To follow this tutorial is recommended that you are already familiar with the basics of Hadoop, a very useful "how to start" tutorial can be found at Hadoop's homepage: http://hadoop.apache.org/. Also, you have to be familiar with at least Amazon EC2 internals and instance definitions.
When you register an account at Amazon AWS you receive 750 hours to run t1.micro instances, but unfortunately, you can't successfully run Hadoop in such machines.
On the following steps, when a command starts with $ means that it should be executed into the local machine, and with # into the EC2 instance.

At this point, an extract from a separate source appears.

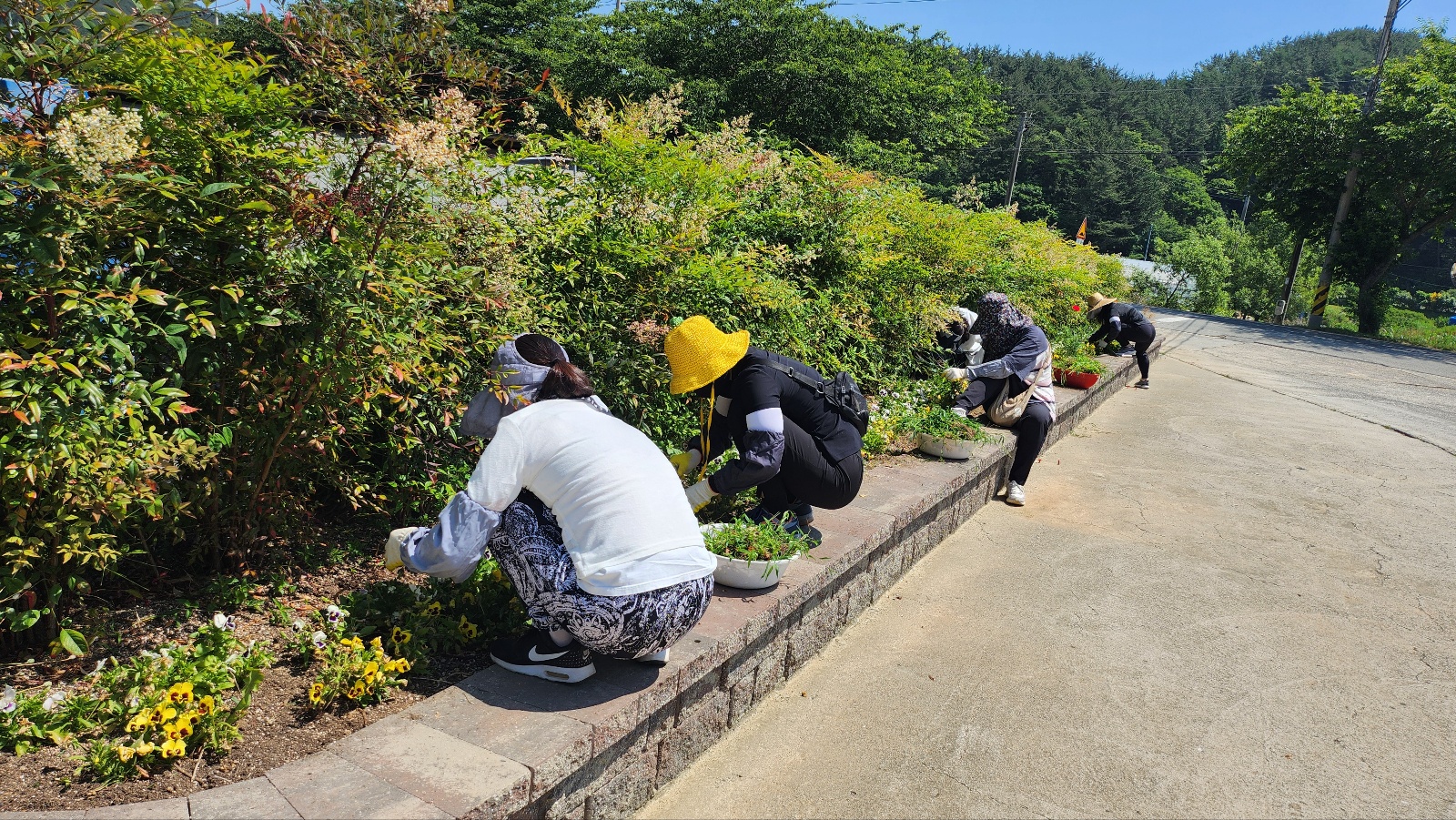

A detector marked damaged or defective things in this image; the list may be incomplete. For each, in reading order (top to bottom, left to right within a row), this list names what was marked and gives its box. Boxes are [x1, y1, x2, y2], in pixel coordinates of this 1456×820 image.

cracked asphalt [643, 314, 1456, 820]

Create an X.509 Certificate
Since we gonna use ec2-tools, our account at AWS needs a valid X.509 Certificate:
- Create .ec2 folder:
$ mkdir ~/.ec2
- Select “Security Credentials” and at "Access Credentials" click on "X.509 Certificates";
- You have two options:
- Create certificate using command line:
$ cd ~/.ec2; openssl genrsa -des3 -out my-pk.pem 2048
$ openssl rsa -in my-pk.pem -out my-pk-unencrypt.pem
$ openssl req -new -x509 -key my-pk.pem -out my-cert.pem -days 1095
- It only works if your machine date is ok.
- Create the certificate using the site and download the private-key (remember to put it at ~/.ec2).
Setting up Amazon EC2-Tools
- Download and unpack ec2-tools;
- Edit your ~/.profile to export all variables needed by ec2-tools, so you don't have to do it every time that you open a prompt:
- Here is an example of what should be appended to the ~/.profile file:
- export JAVA_HOME=/usr/lib/jvm/java-6-sun
- export EC2_HOME=~/ec2-api-tools-*
- export PATH=$PATH:$EC2_HOME/bin
- export EC2_CERT=~/.ec2/my-cert.pem
- To access an instance, you need to be authenticated (obvious security reasons), in this way, you have to create a Key Pair (public and private keys):
- At https://console.aws.amazon.com/ec2/home, click on "Key Pairs", or
- You can run the following commands:
$ ec2-add-keypair my-keypair | grep –v KEYPAIR > ~/.ec2/id_rsa-keypair
$ chmod 600 ~/.ec2/id_rsa-keypair
Setting up Hadoop
After download and unpack Hadoop, you have to edit the EC2 configuration script present at src/contrib/ec2/bin/hadoop-ec2-env.sh.
- AWS variables
- These variables are related to your AWS account (AWS_ACCOUNT_ID, AWS_ACCESS_KEY_ID, AWS_SECRET_ACCESS_KEY), they can be found at logging at your account, in Security Credentials;
- The AWS_ACCOUNT_ID is your 12 digit account number.
- Security variables
- The security variables (EC2_KEYDIR, KEY_NAME, PRIVATE_KEY_PATH), are the ones related to the launch and access of an EC2 instance;
- You have to save the private key into your EC2_KEYDIR path.
- Select an AMI
- Depending on Hadoop's version that you want to run (HADOOP_VERSION) and the instance type (INSTANCE_TYPE), you should use a properly image to deploy your instance:
- There are many public AMI images that you can use (they must suit the needs for most users), to list, type
$ ec2-describe-images -x all | grep hadoop
- S3_BUCKET: the bucket where is placed the image that you will use, example hadoop-images,
- ARCH: the architecture of the AMI image you have chosen (i386 or x84_64) and
- BASE_AMI_IMAGE: the unique code that maps an AMI image, example ami-2b5fba42.
- You can also provide a link where would be located the binary (JAVA_BINARY_URL), for instance, if you have JAVA_VERSION=1.6.0_29, an option is use JAVA_BINARY_URL=http://download.oracle.com/otn-pub/java/jdk/6u29-b11/jdk-6u29-linux-i586.bin.
Running!
- You can add the content of src/contrib/ec2/bin to your PATH variable so you will be able to run the commands indepentend from where the prompt is open;
- To launch a EC2 cluster and start Hadoop, you use the following command. The arguments are the cluster name (hadoop-test) and the number of slaves (2). When the cluster boots, the public DNS name will be printed to the console.
$ hadoop-ec2 launch-cluster hadoop-test 2
$ hadoop-ec2 login hadoop-test
- For example, to test your cluster, you can run a pi calculation that is already provided by the hadoop*-examples.jar:
# cd /usr/local/hadoop-*
# bin/hadoop jar hadoop-*-examples.jar pi 10 10000000
$ hadoop-ec2 terminate-cluster hadoop-test